The matte lipsticks are really pretty and so smooth ( we called it a " stretch " texture ) compared to the others ( M.A.C or Nars or even Chanel ). I agree, you need the 6 shades they're beautiful.


----------



## CartoonChic (Nov 11, 2012)

Dominique33 said:


> The matte lipsticks are really pretty and so smooth ( we called it a " stretch " texture ) compared to the others ( M.A.C or Nars or even Chanel ). I agree, you need the 6 shades they're beautiful.


	Ah, I was still *thinking* about getting the CP, but I think you've just pushed me over the edge. I've decided to go ahead and get them.


----------



## Ashleybubbles83 (Nov 18, 2012)

I've had my eye on spellbinding violet!


----------



## CartoonChic (Nov 18, 2012)

Ashleybubbles83 said:


> I've had my eye on spellbinding violet!

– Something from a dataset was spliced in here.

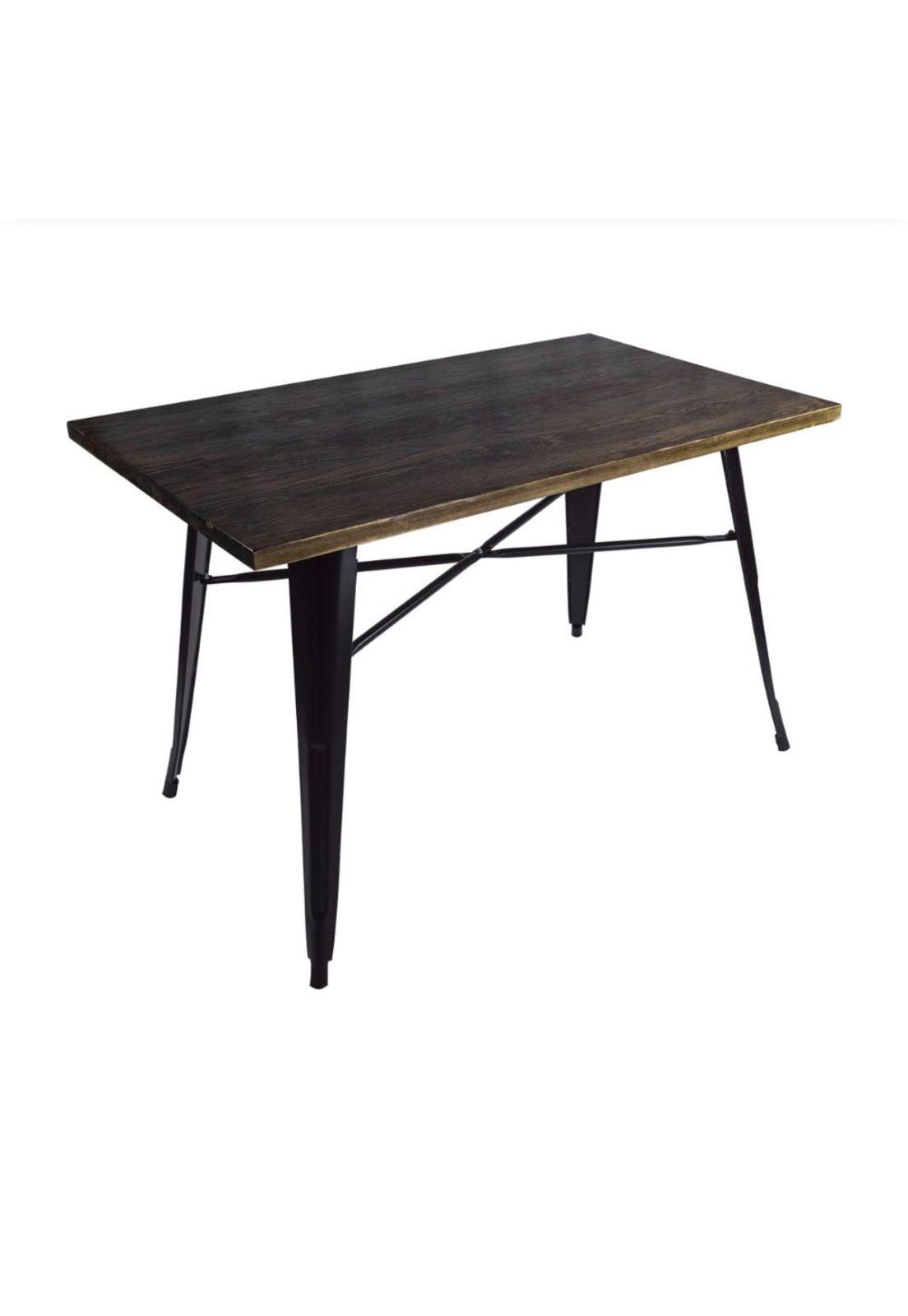 Mesa Tolix Rectangular Nogal 140x90cm-1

	That's a pretty color. It's a Rouge Volupté Perle formula. I'm not sure if it will work for me. I'll have to swatch it in person.


----------



## allthingsglam (Aug 9, 2013)

I just ordered 19 violet in rage it's absolutely gorgeous I swatched it but didnt buy today I finally placed my order can't wait to get.ysl lippies are fire love them


----------



## allthingsglam (Aug 12, 2013)

me wearing ysl shocking fushsia number 114 its a beautiful Summer color I love it


----------



## allthingsglam (Oct 13, 2013)

does anybody wear a lipliner with ysl  le fuchsia 07 lipstick?its very beautiful how can I tone the color down a bit.does it compares to candy yum yum I been waiting to get candy yy but I think these to may be similar


----------